Subfamily of tarantulas

The Stromatopelminae are a subfamily of tarantulas native to West Africa and part of Central Africa. The subfamily was first proposed by Günter Schmidt in 1993.

==Taxonomy==
The subfamily Stromatopelminae was first proposed by Günter Schmidt in 1993. The genera he included had been placed in the subfamily Eumenophorinae by Raven in 1985. Schmidt excluded them as they did not have the typical stridulating organ on the coxa and trochanter of the palps and legs which are present in Eumenophorinae.
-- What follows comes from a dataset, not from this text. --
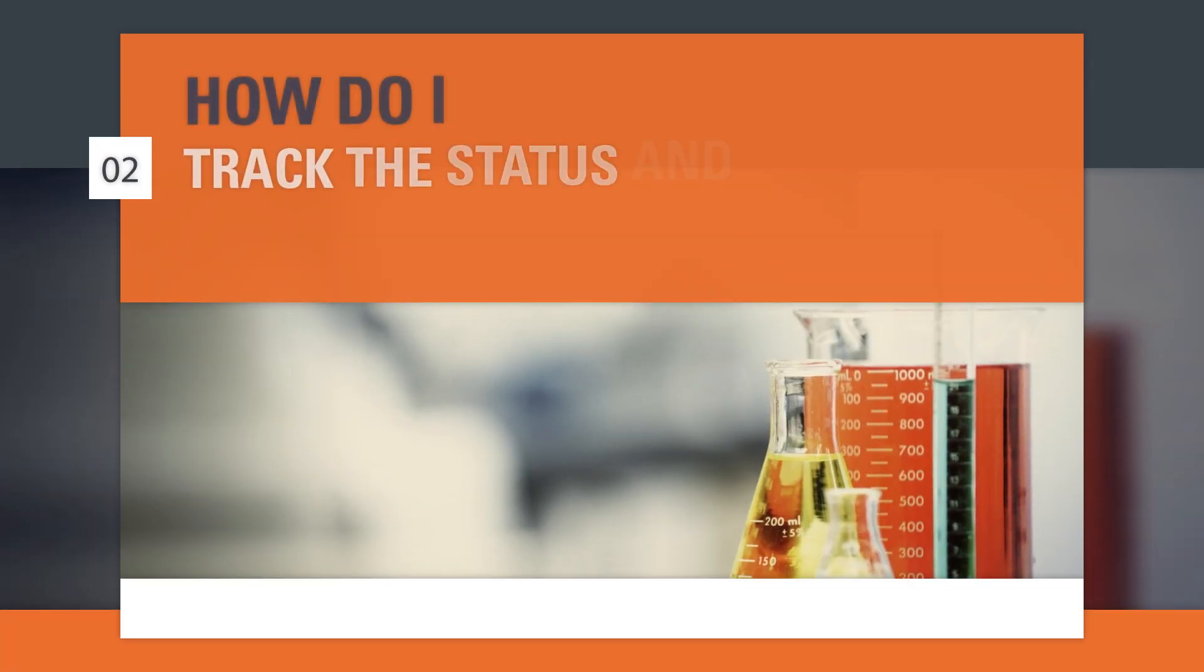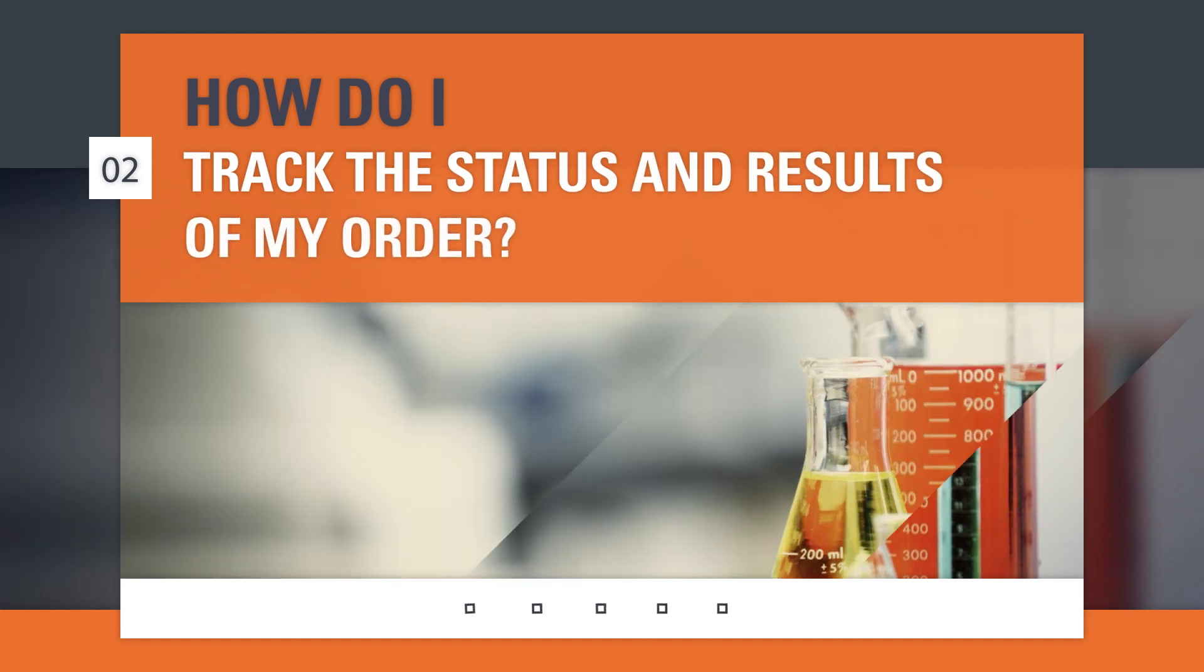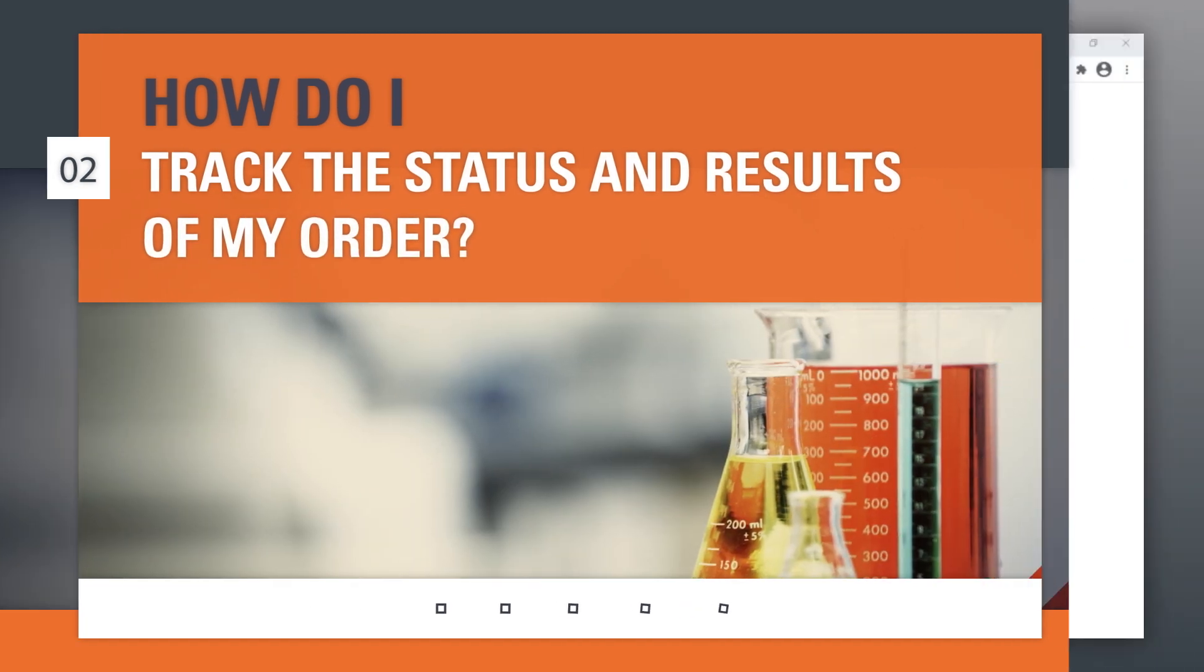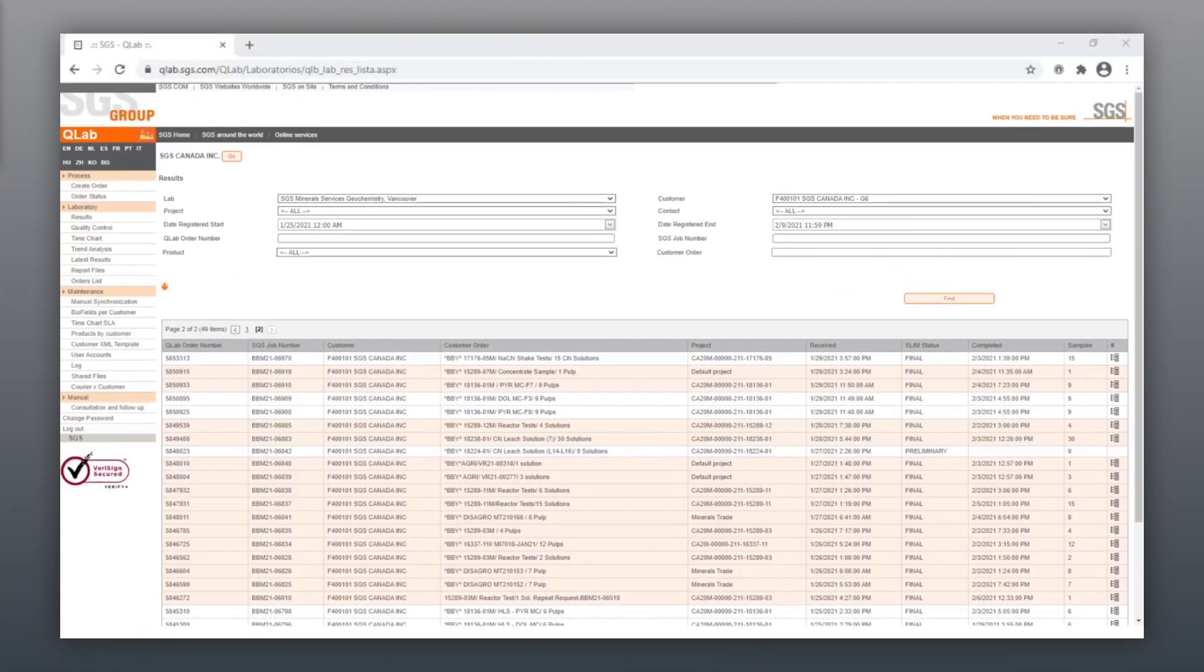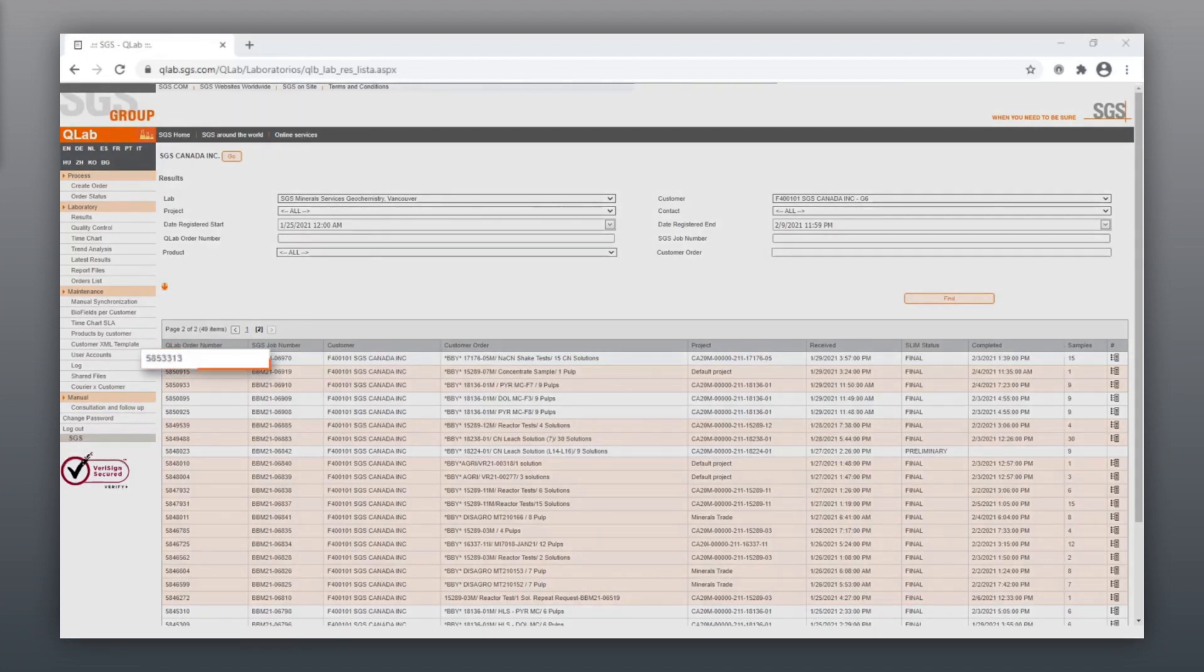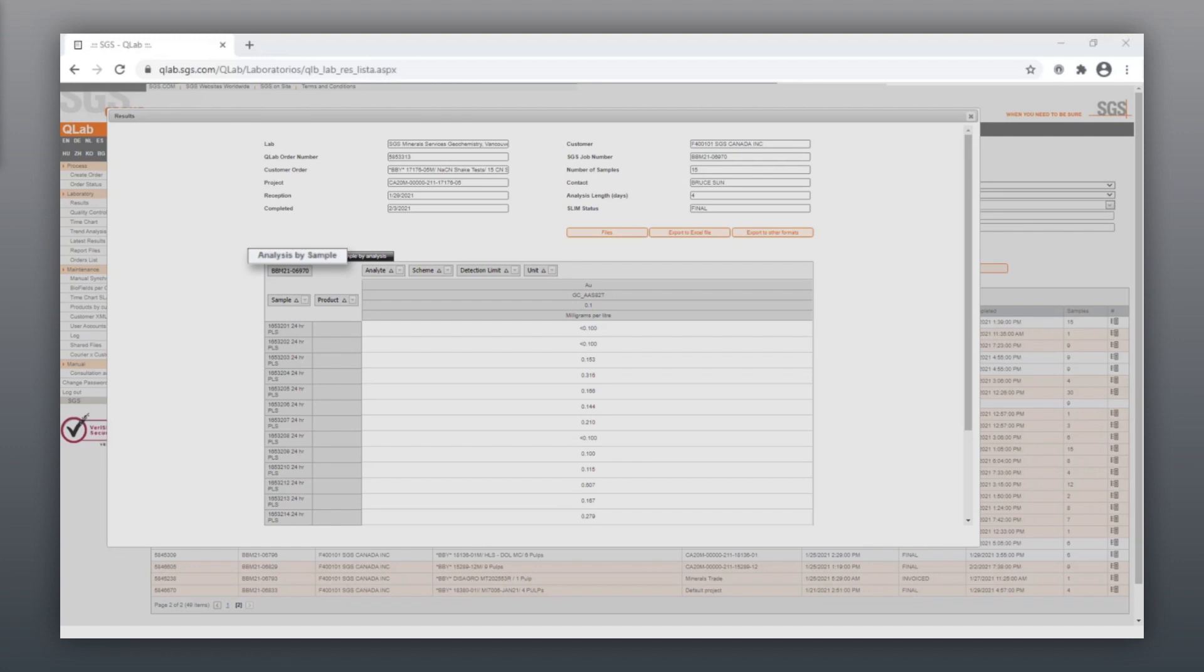How do I track the status and results of my order? Orders progress on QLab over the following statuses. Your default is Analysis by Samples or toggle the other tab Sample by Analysis.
The subfamily was recovered as monophyletic in both a 2018 and a 2019 study, sister to the subfamily Harpactirinae.

===Genera===
Schmidt included two genera, both found in tropical West and Central Africa. Both genera were included in the 2019 study that found the subfamily to be monophyletic.
- Heteroscodra Pocock, 1899
- Stromatopelma Karsch, 1881

Gallon in 2005 also placed the monotypic genus Encyocratella in the subfamily. The genus was not found to be part of the subfamily in a 2018 Master's dissertation, which treated it as incertae sedis as regards subfamily. It was not included in the 2018 and 2019 studies which found the subfamily to be monophyletic.

== Distribution and habitat ==
These arboreal tarantulas are often found dwelling in palm trees native to the West African region.